Gemäß § 17 VwGVG sind, soweit in diesem Bundesgesetz nicht anderes bestimmt ist, auf das Verfahren über Beschwerden gemäß Art. 130 Abs. 1 B-VG die Bestimmungen des AVG mit Ausnahme der §§ 1 bis 5 sowie des IV. Teiles, und im Übrigen jene verfahrensrechtlichen Bestimmungen in Bundes- oder Landesgesetzen sinngemäß anzuwenden, die die Behörde in dem dem Verfahren vor dem Verwaltungsgericht vorangegangenen Verfahren angewendet hat oder anzuwenden gehabt hätte.
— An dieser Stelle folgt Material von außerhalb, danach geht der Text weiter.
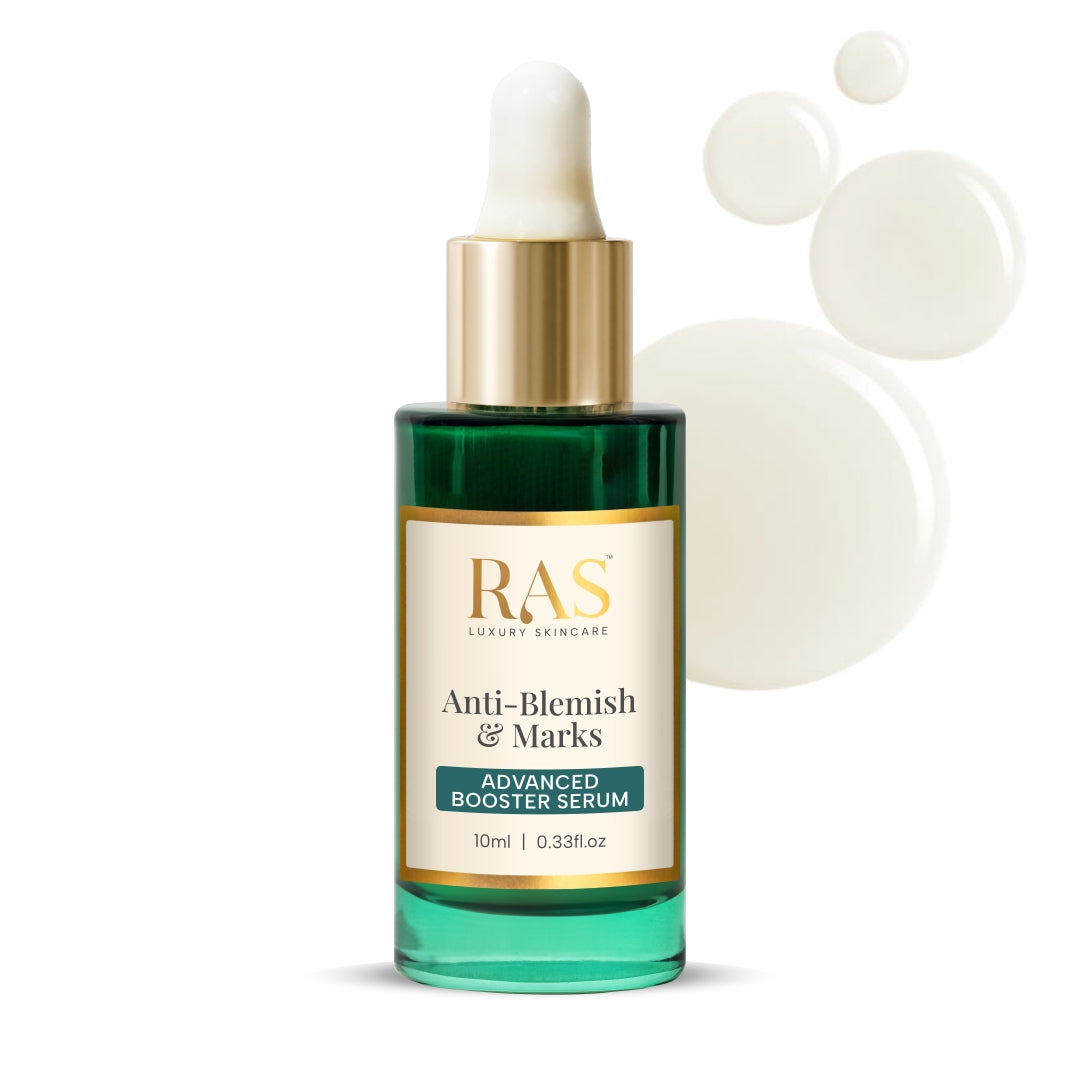 Spot Corrector & Acne Marks Correcting Advanced Booster Serum – 10ML, image 12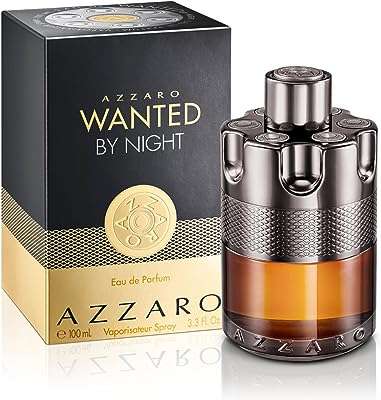 Wanted by night d'azzaro eau de toilette pour homme 100 ml. Vous recherchez des produits discount de qualité ? Ne cherchez plus ! DIAYTAR COTE D'IVOIRE  propose une gamme étendue de produits allant de la maison à l'électroménager, de l'informatique à la mode. Faites des économies tout en comblant vos besoins avec notre boutique en ligne.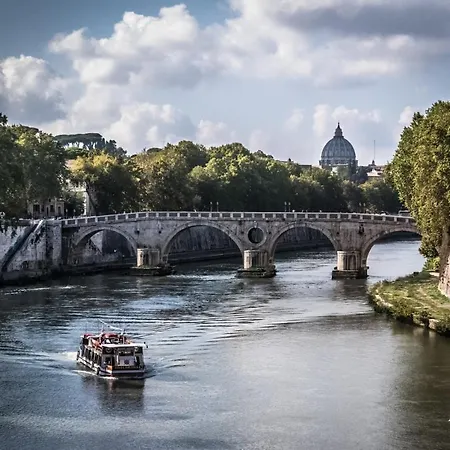 Le Camere Del Borghese Rome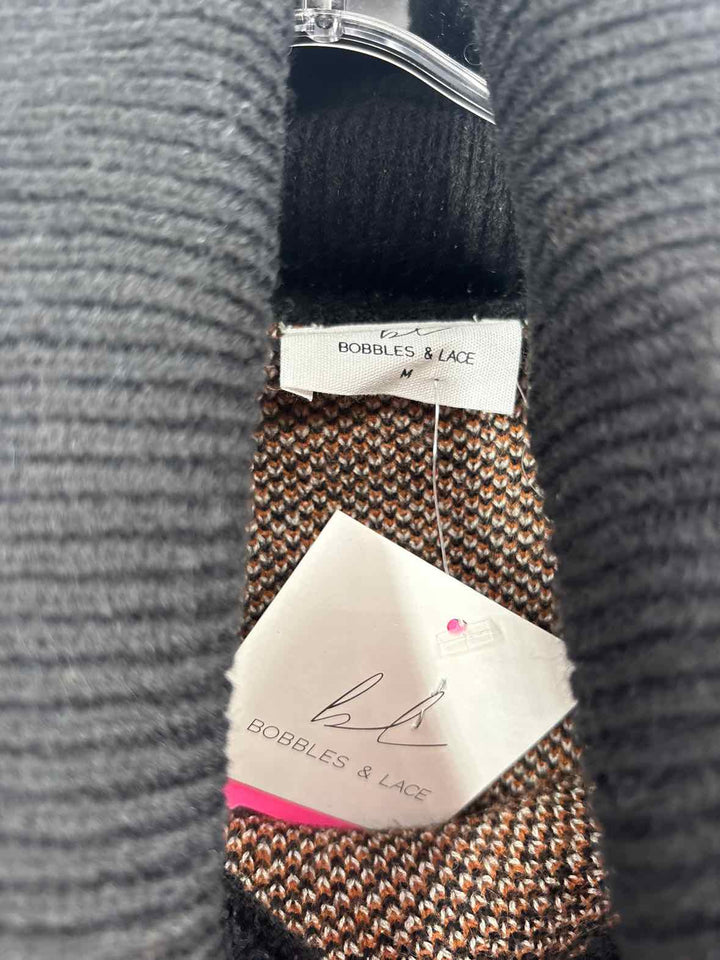 Size M Multi-Color Dress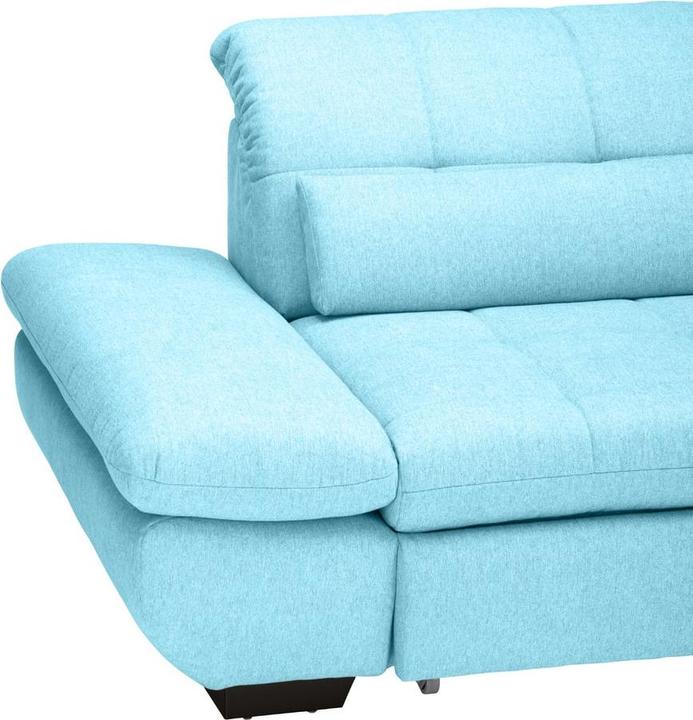 Produktbild Xora 7686 (Ecksofa)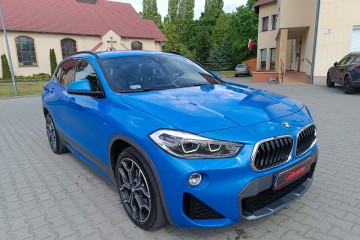 Bezwypadkowy - Xdrive - Automat - 2,0 - 190 KM -  M-pakiet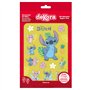 Stitch Topper Azyme Découpée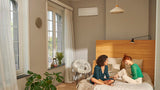 DAIKIN R-32 Wandgerät FTXA20CW Stylish Weiß
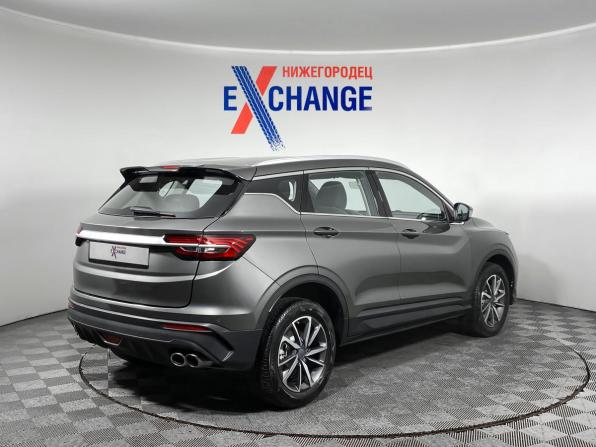 Geely Coolray I с пробегом 2022 года, цена 1 200 000 рублей, 138887 км, внедорожник, Автокод Объявления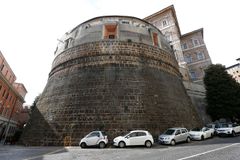 Pope says new Vatican finance laws, norms are working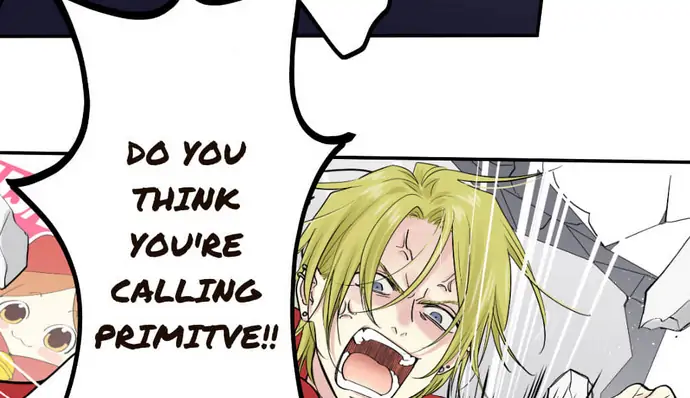 Hey, I’m Home, Sorry for Intruding! Chapter 2 - page 31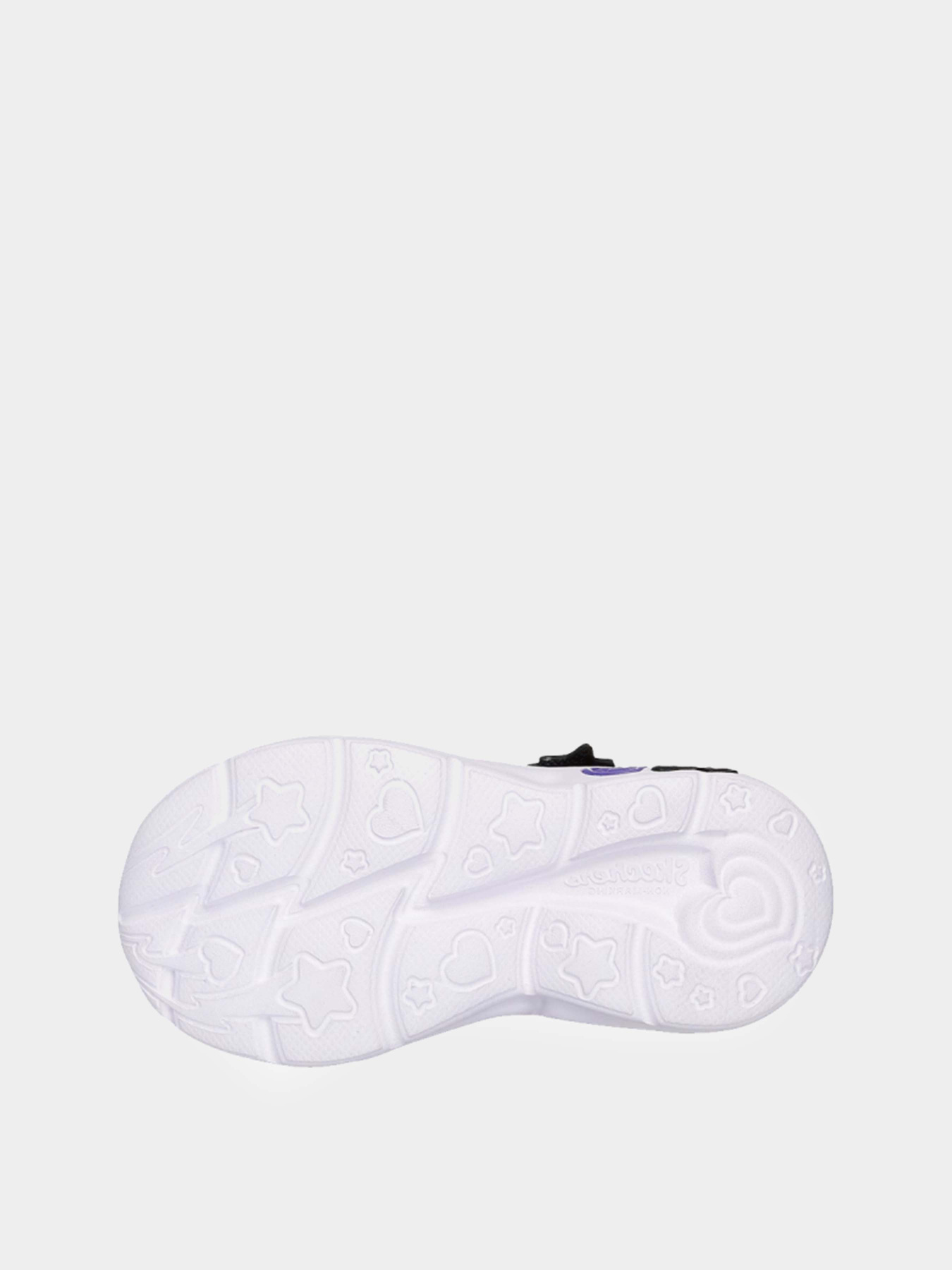 Кросівки Skechers SNUGGLE SNEAKS модель 302214N BKMT Кросівки Skechers SNUGGLE SNEAKS модель 302214N BKMT Фото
Entfall einer mündlichen Verhandlung:
Das Bundesverwaltungsgericht erachtete die Durchführung einer mündlichen Verhandlung gemäß § 24 VwGVG für nicht erforderlich, da erstens eine mündliche Verhandlung nicht beantragt wurde und zweitens der Sachverhalt aus dem vorgelegten Verwaltungsakt, im Besonderen durch die Stellungnahme der belangten Behörde zur Beschwerde vom 08.03.2019, in Verbindung mit der Beschwerde - wie oben beweiswürdigend dargelegt - geklärt erscheint, insbesondere, weil der entscheidungswesentliche Sachverhalt feststeht und eine mündliche Erörterung, nach Ansicht des Gerichts, keine weitere Klärung der Rechtssache im Sinne des § 24 Abs. 4 VwGVG erwarten lässt (VwGH 25.1.2016, Ra 2015/09/0 110, VwGH 21.4.2015, Ra 2015/09/0009, VwGH 17.2.2015, Ra 2014/09/0007. Dem Entfall der Verhandlung stehen auch weder Artikel 6 Absatz 1 der Konvention zum Schutze der Menschenrechte und Grundfreiheiten, BGBl. Nr. 210/1958, noch Artikel 47 der Charta der Grundrechte der Europäischen Union, ABl. Nr. C83 vom 30.03.2010, S. 389, entgegen.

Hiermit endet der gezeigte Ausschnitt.